Mais à la fin, c'est eux qui définissent la stratégie et qui l'exécutent. C'est un plaisir de travailler avec eux et d'être une modeste partie de cette aventure-là. Mais je ne veux vraiment pas que le message soit que Mistral est un spin-off d'Alan. Nous sommes juste des contributeurs de Mistral. C'est une entreprise qui compte déjà 170 personnes et qui ne se porte pas trop mal.
« Les certitudes que brise DeepSeek sont les convictions qu'on avait, nous, depuis longtemps »
Dans l'IA, on voit qu'il y a foisonnement important d'annonces en ce moment. L'hystérie collective autour de ChatGPT ne redescend toujours pas, et il y a eu cette séquence assez folle avec le plan Stargate de 500 milliards de dollars présenté par Donald Trump, puis la percée spectaculaire de DeepSeek qui a fait voler en éclat toutes les certitudes qu'avaient les Américains sur le sujet.
Comment analysez-vous cette effervescence actuelle dans l'IA avec ce Sommet français en ligne de mire ?
Ce qui est intéressant, c'est que les certitudes que brise DeepSeek sont les convictions qu'on avait, nous, depuis longtemps, notamment autour de la puissance de l'open source. Cela montre qu'on peut être beaucoup plus efficace par rapport à ce que les autres avaient annoncé jusque-là. Pour nous, c'est juste une confirmation de notre modèle.
Cela souligne l'importance d'avoir une certaine souveraineté technique et économique sur ces sujets d'intelligence artificielle et cela montre qu'il y a un chemin alternatif qui est possible. Celui-ci, on le porte haut et fort avec Mistral mais il faut aussi le porter dans des applications industrielles.
On voit que les États ont conscience qu'il s'agit d'une révolution technologique. Elle va impacter de très nombreux points de la société, si ce n'est tous. Dans ce contexte, je pense que l'Europe doit à la fois être un partenaire économique et technologique stratégique des États-Unis, comme on l'a été historiquement, mais on doit pas non plus renoncer à être indépendant, à produire des technologies nous-mêmes et à créer des leaders mondiaux. C'est ce qu'on essaie de mettre en place.

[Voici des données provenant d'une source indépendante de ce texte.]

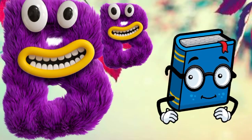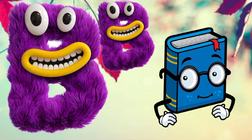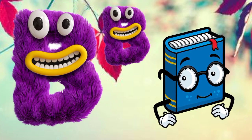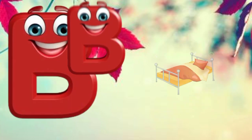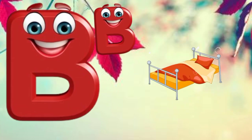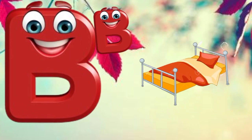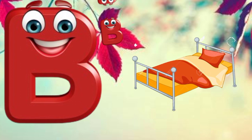B is for Book. B, B, Book. B is for Bed. B, B, Bed.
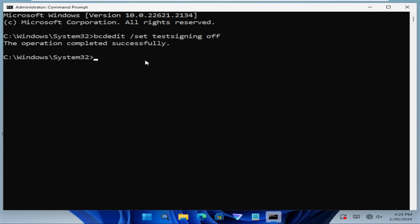Now the driver signing enforcement is turned off on your Windows 11 computer.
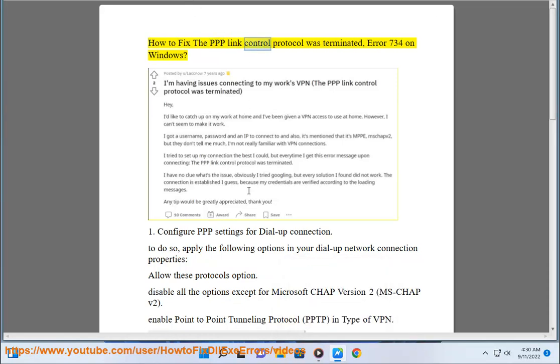How to fix the PPP link control protocol was terminated Error 734 on Windows.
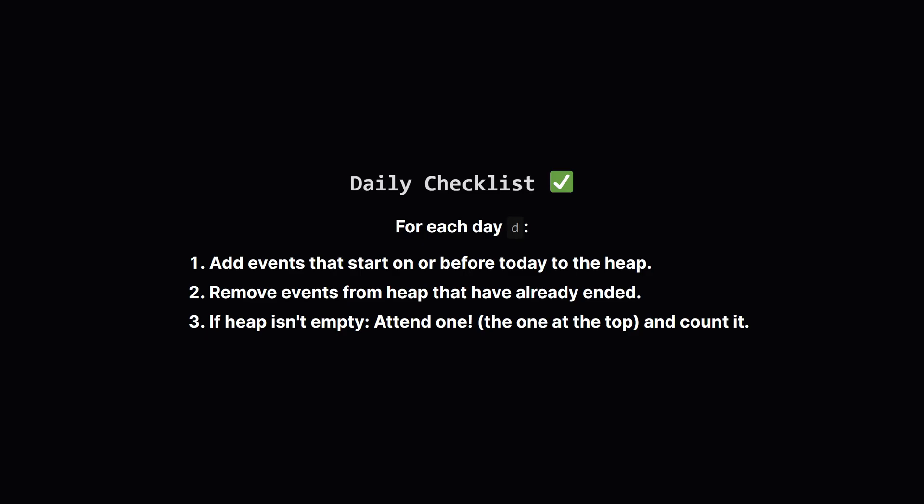So, for each day in our loop, let's call it day D, we'll follow a simple checklist. First, we look at our sorted list and add any events that have started on or before day D into our min-heap. Next, we do a little cleanup. We look at the heap and remove any events whose end day has already passed. Finally, after our heap is up to date with all currently available events, we check if there's anything in it. If there is, we attend the one at the top, the one that ends soonest, by popping it from the heap and adding one to our total count.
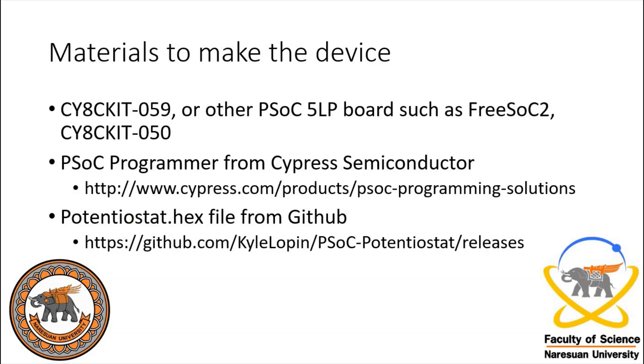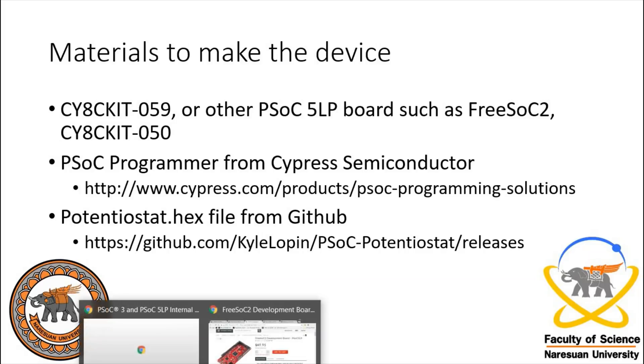To get started, we're going to need a PSOC 5 LP board. In this video, I'll show how to use a CYAC kit 59 to make the device. You can also use the CYAC kit 50 or a Free Sock 2.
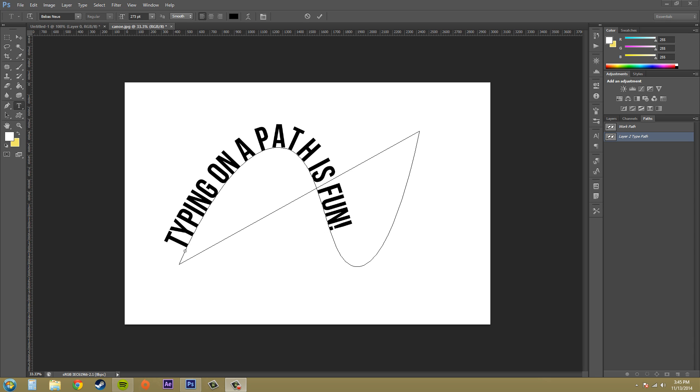Hey everybody, welcome to another Photoshop CS6 tutorial. My name is Buddy Blackford and today we're going to be creating and modifying text on a path.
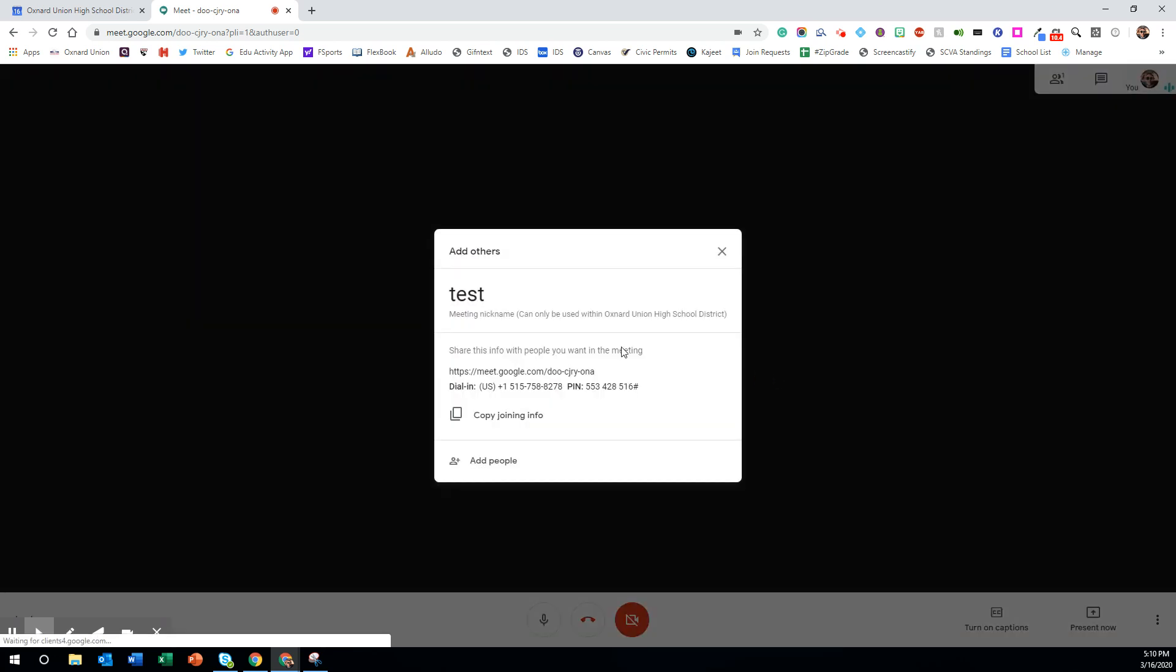You can start your Meet by clicking join now and then you can either copy the join info or share out the link via email, calendar, Google Classroom, whatever you're using, or you can add individual people by clicking add people.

Je trouve que toutes ces annonces ne font que confirmer ce sentiment-là. En ce moment, cela se traduit avec plus d'euphorie et d'emphase, mais de notre côté, ce sont les messages qu'on porte depuis deux ou trois ans.
Finalement, DeepSeek constitue une bonne nouvelle pour la tech européenne qui provient du pays auquel on ne s'attendait pas. On s'attend rarement à de bonnes nouvelles de la Chine sur la planète technologique...
Oui, exactement, et je pense que cela confirme pleins d'hypothèses. La période actuelle accélère la vision selon laquelle l'open source permet de faire des choses qui sont assez impressionnantes.